Marchés et cibles

Le point de vente physique, le magasin connecté et les attentes consommateurs

Shopper : Un nouveau consommateur de lieu de vente de proximité est en train de naître. En conséquence, l’utilisation du digital est à revoir dans les lieux de vente physique.

Le e-commerce a séduit les consommateurs par son inépuisable éventail d’offres, sa documentation à foison, sa comparaison facilitée des prix et sa livraison à domicile. Grâce à lui, vous avez accès au dernier produit de votre marque préférée que vous viviez dans la Creuse, que vous n’ayez aucun moyen de locomotion ou que vous soyez handicapé. Fini le temps où une expédition dans la grande capitale régionale était nécessaire.

Les consommateurs les plus mobiles et favorisés en points de vente physiques sont également séduits. Ils utilisent désormais le magasin comme un lieu de renseignements complémentaires et de test.
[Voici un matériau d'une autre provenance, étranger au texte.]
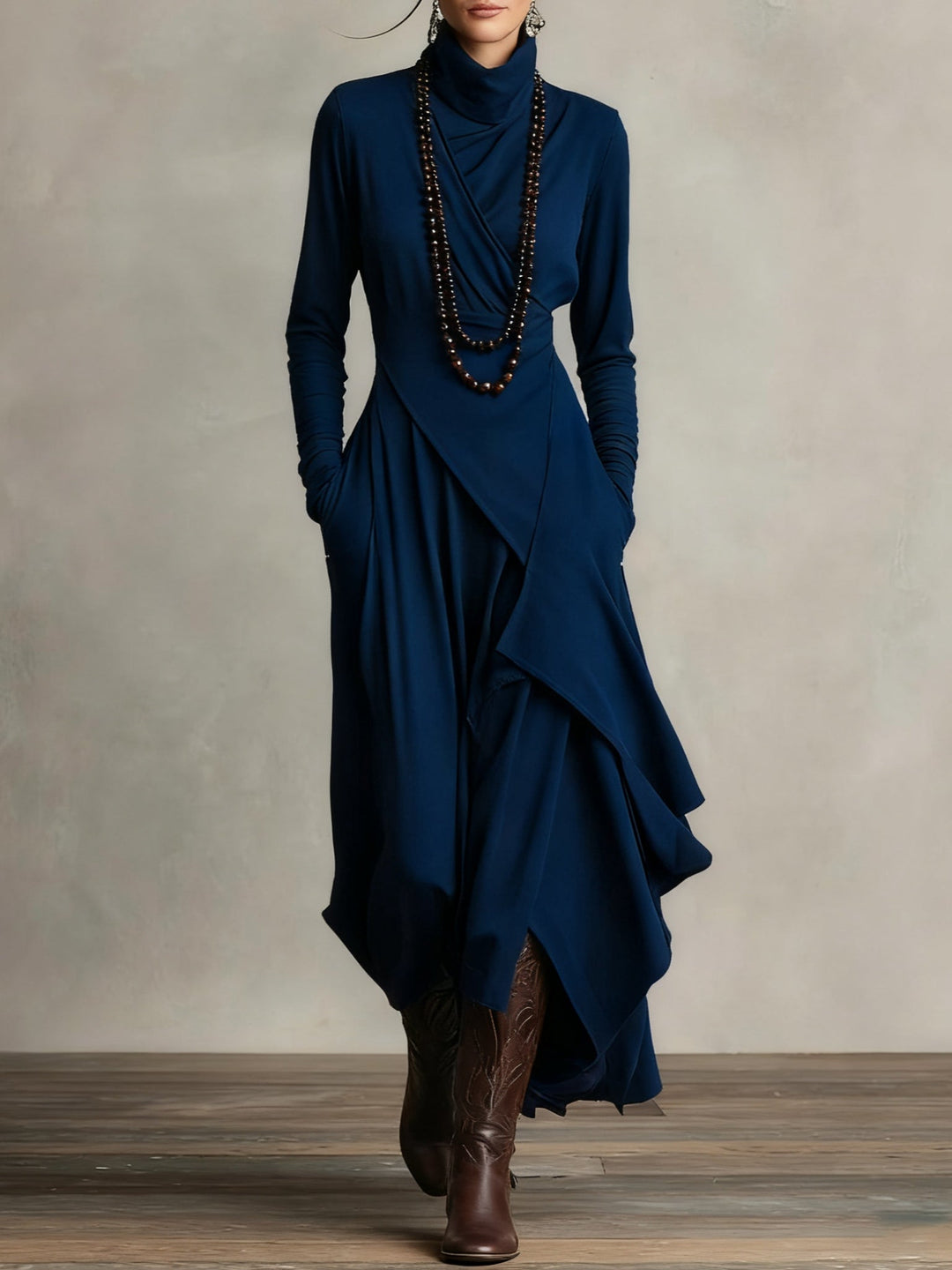 Aurelia · Vestido maxi plisado asimétrico con cuello alto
Ils se déplacent pour toucher, sentir – les deux sens manquants encore aux interfaces – et ressentir instinctivement si cela leur est adapté ou non.
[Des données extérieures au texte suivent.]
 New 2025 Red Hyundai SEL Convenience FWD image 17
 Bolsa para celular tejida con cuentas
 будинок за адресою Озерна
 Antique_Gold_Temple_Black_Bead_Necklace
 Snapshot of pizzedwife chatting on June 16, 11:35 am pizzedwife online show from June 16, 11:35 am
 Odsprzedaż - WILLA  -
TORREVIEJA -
Interfaces tactiles : est-ce vraiment que souhaite le consommateur ?
J'ai un job dans la com', par Serge-Henri Saint-Michel

Interfaces tactiles : est-ce vraiment que souhaite le consommateur ?

De plus en plus de pure-players s’interrogent sur la pertinence d’emplacements physiques et les services à proposer. Certains ont mis en place de simples relais de livraison et d’autres de véritables points de vente.

Le click devient mortar et découvre des problématiques comme les coûts fixes d’installation, les horaires d’ouvertures et leur impact sur la masse salariale payée en euros et non en ariary malgache. Ces entreprises, bien dotées en système d’information, savent mieux utiliser le cross-canal et suivre la rentabilité de chaque « apporteur » de vente. Les conseillers de ventes en magasin notent les produits conseillés et le système d’information permet de suivre la corrélation entre la présence magasin et la vente en ligne. La rentabilité d’un magasin physique s’estime désormais avec de nouveaux indicateurs, comme sa capacité à être un relais de réassurance dans l’acte d’achat.

Être un simple mortar dans un monde de click

Fatigué de servir de lieux de test et non de vente, le simple mortar commence à se rebeller. Pour lui, les affaires se complexifient : les coûts fixes du magasin, les présentoirs, le stock… et les vendeurs devenus conseillers gratuits pour ses concurrents en ligne. Ces derniers d’ailleurs peuvent proposer des prix plus bas, grâce aux flux tendus et surtout grâce à un faible taux de retour de marchandise car testée dans le local du mortar !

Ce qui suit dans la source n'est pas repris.